_Brief_
What are the lines below, starting at the line containing "Conexión en T" and ending at the line containing "Pina Colada Ön"? Write them out exactly, ends included, without pictures.

##### Exercise inputs #####

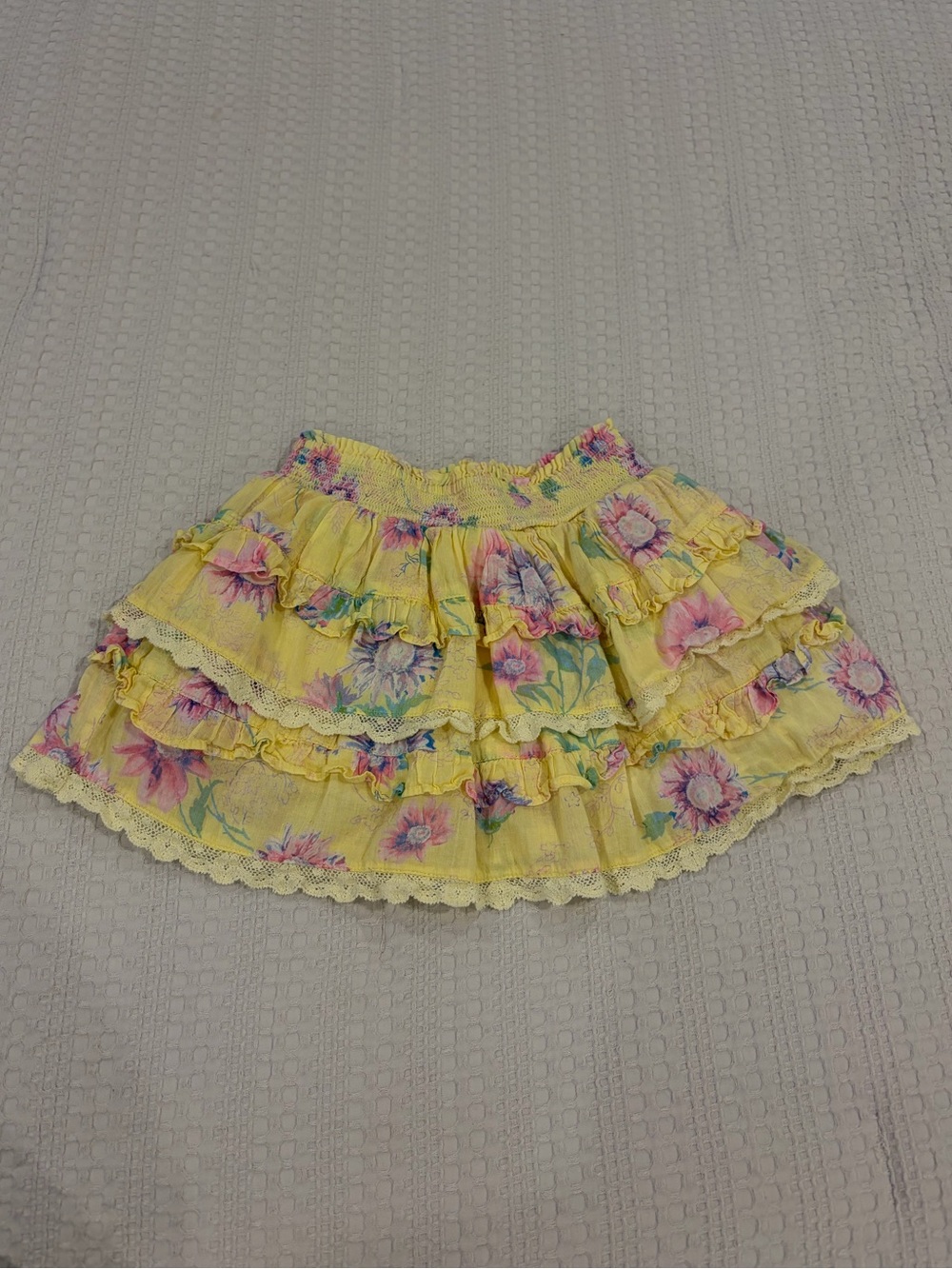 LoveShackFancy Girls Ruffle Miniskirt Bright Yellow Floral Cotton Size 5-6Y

#####
##### Exercise inputs #####

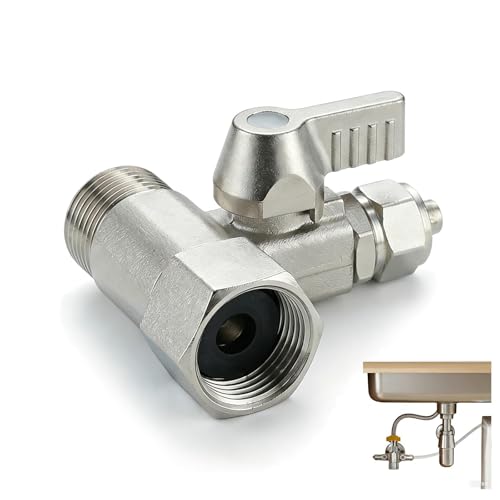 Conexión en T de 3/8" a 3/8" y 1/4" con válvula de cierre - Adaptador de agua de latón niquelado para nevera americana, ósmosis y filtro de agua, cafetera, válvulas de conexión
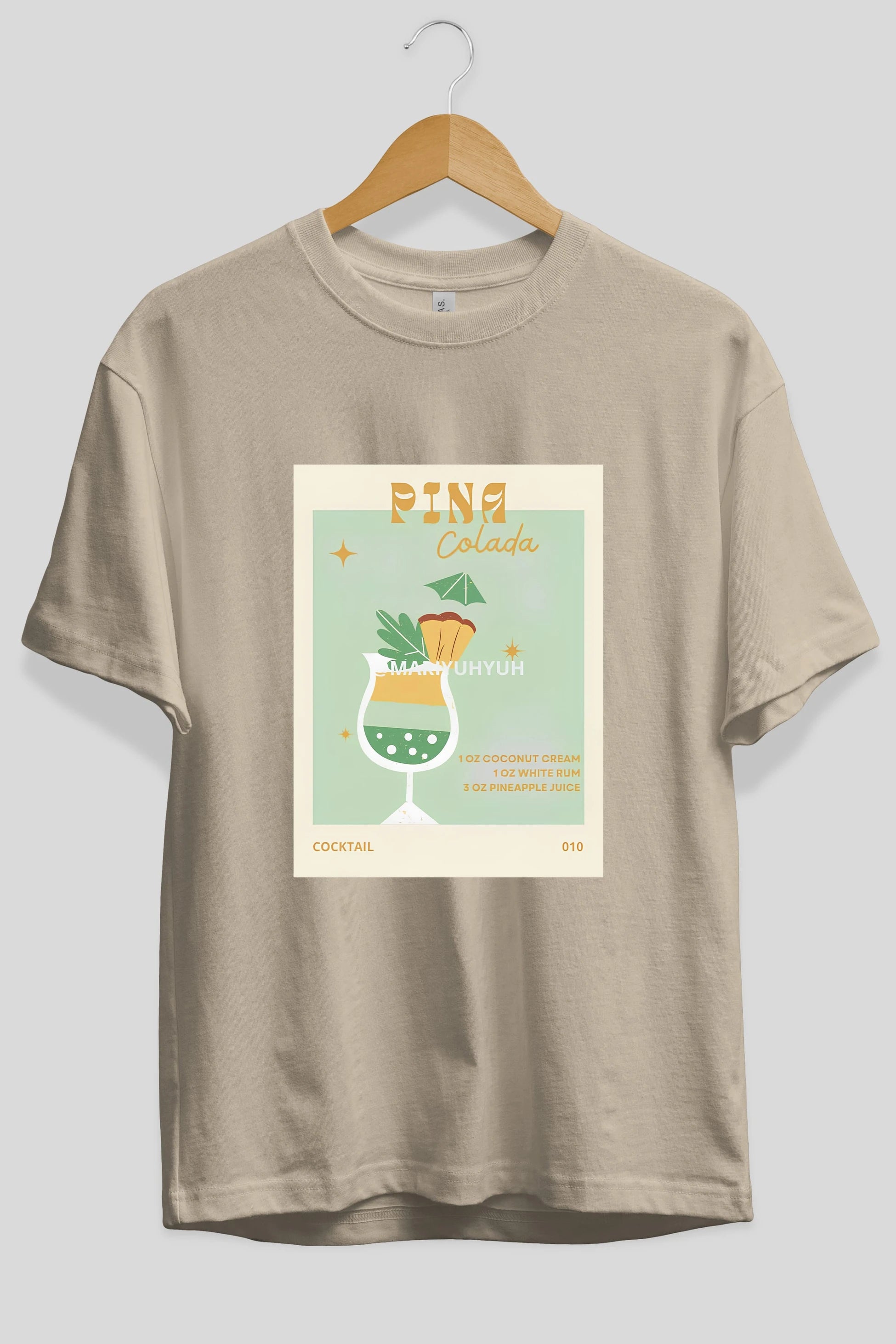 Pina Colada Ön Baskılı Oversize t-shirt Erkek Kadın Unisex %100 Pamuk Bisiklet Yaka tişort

#####

_Your response_
 Conexión en T de 3/8" a 3/8" y 1/4" con válvula de cierre - Adaptador de agua de latón niquelado para nevera americana, ósmosis y filtro de agua, cafetera, válvulas de conexión
 Pina Colada Ön Baskılı Oversize t-shirt Erkek Kadın Unisex %100 Pamuk Bisiklet Yaka tişort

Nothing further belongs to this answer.